Booster recommendations should therefore take into account not only peak neutralizing antibody titers but also durable prevention of severe Covid-19 disease. Such protection will probably require a combination of humoral and cellular immunity, with an emphasis on long-term rather than short-term immune responses. However, to date, the field has focused largely on short-term neutralizing antibody responses. The potential role of an omicron-containing booster is currently being explored, but a study in nonhuman primates showed that an omicron-specific mRNA vaccine was not better than the original mRNA-1273 vaccine for protection against omicron challenge.[83] Early clinical studies have shown that boosting with bivalent mRNA vaccines containing both ancestral and omicron BA.1 spike immunogens induced peak omicron neutralizing antibody titers that were less than twice the peak titers induced by boosting with the original mRNA vaccines. Thus, clinical benefits of the updated boosters as compared with the current vaccines are not clear. Heterologous prime-boost (“mix-and-match”) regimens, which involve combinations of mRNA and Ad26 vaccines, are also being investigated as a strategy for improving the magnitude and durability of humoral and cellular immunity, as compared with either type of vaccine alone.[52,84,85] In addition, early research on the development of pan-sarbecovirus and pan-betacoronavirus vaccines is under way.

Boosting every 4 to 6 months to maintain high serum neutralizing antibody titers may not be a practical or desirable long-term strategy. Boosting with mRNA vaccines is also not risk-free. Moreover, frequent boosting recommendations may worsen “booster fatigue” in the general population, given that to date only 47% of eligible persons in the United States have received any booster dose. Expert opinion on the benefits of frequent boosters remains divided, communications from public health authorities have been viewed as confusing and overpromising, and vaccine hesitancy remains a major challenge. Frequent booster recommendations may also distract from the critical goal of vaccinating the large number of unvaccinated persons in the United States and throughout the world and may further exacerbate global health inequities.

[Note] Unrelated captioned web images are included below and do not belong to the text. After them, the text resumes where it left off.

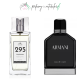 295 Inspirowane Eau de Nuit - Giorgio Armani*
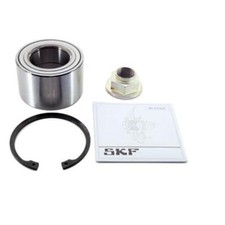 Roulement de roue Mazda RX8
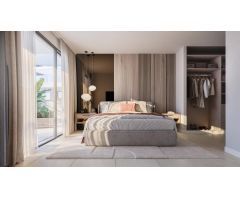 Apartamento en Venta en Estepona, Málaga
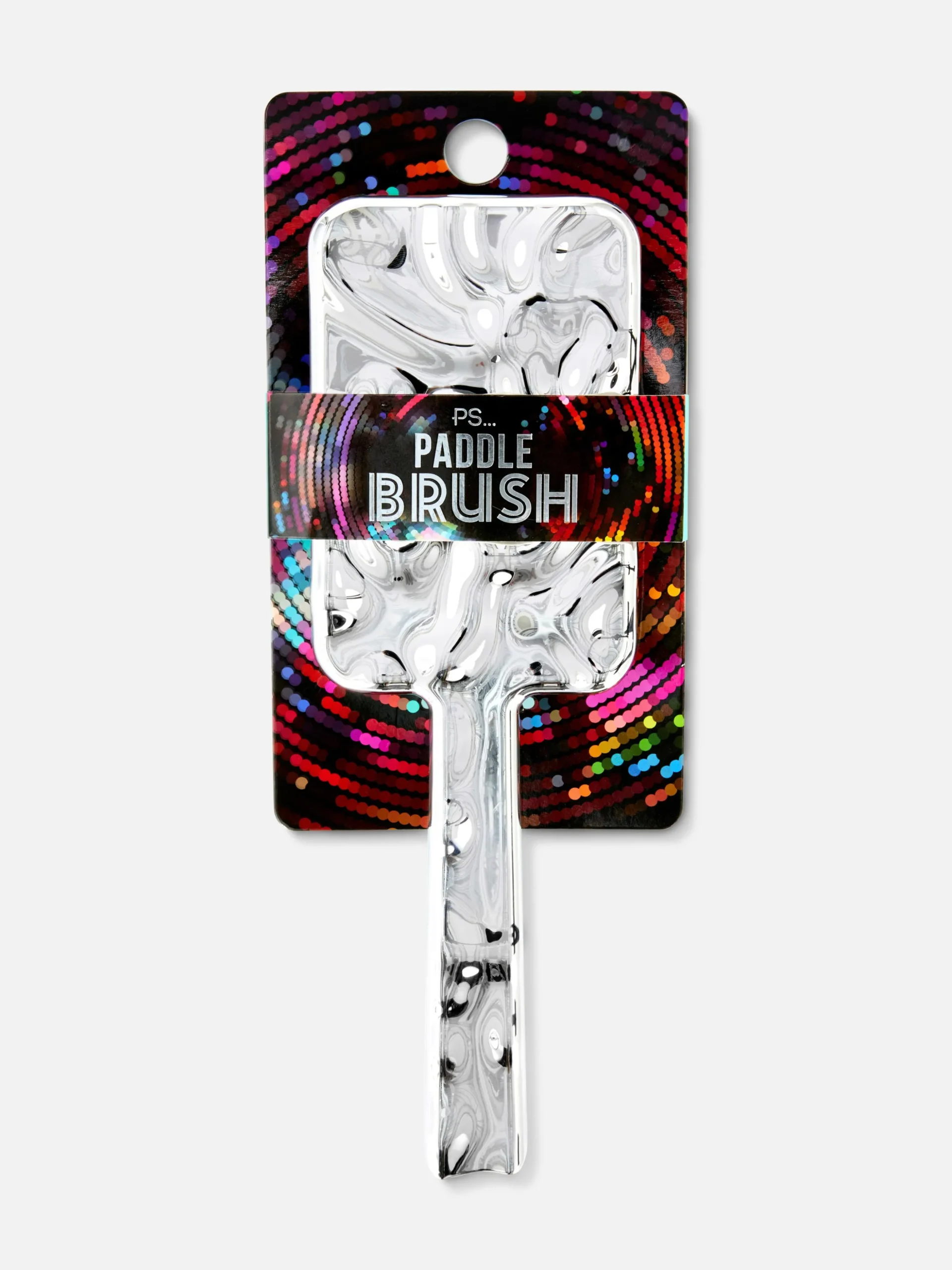 Cepillo De Paleta De Efecto Fundido De PS...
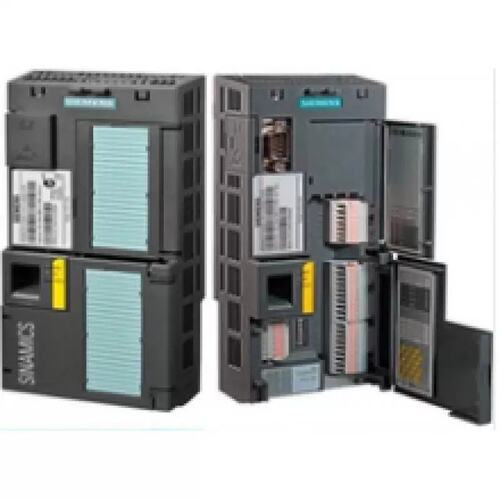 议价6SL3224-0BE34-5AA0 G120变频器带集成制动模块3AC380-480V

Plans for boosters should therefore be based on robust scientific data that show substantial and sustained increases in prevention of severe disease rather than on short-term increases in neutralizing antibody titers. Enhanced community engagement and implementation research may also reduce vaccine misinformation. Ideally, Covid-19 boosters should be recommended no more than annually and preferably less frequently, and a diversity of booster options should be available to the public. The use of vaccine platforms with improved durability would be highly desirable.

Conclusions

The Covid-19 pandemic appears to be transitioning from a hyperacute phase to an endemic phase. Current Covid-19 vaccines are less effective at blocking infection with the omicron variant than at blocking infection with prior variants, but protection against severe disease remains largely preserved. The primary goal of Covid-19 vaccines should be to provide long-term protection against severe disease, hospitalization, and death. It is therefore important for studies of Covid-19 vaccines and boosters to evaluate not only short-term neutralizing antibody titers but also durability of antibody responses, memory B-cell responses, and cross-reactive T-cell responses.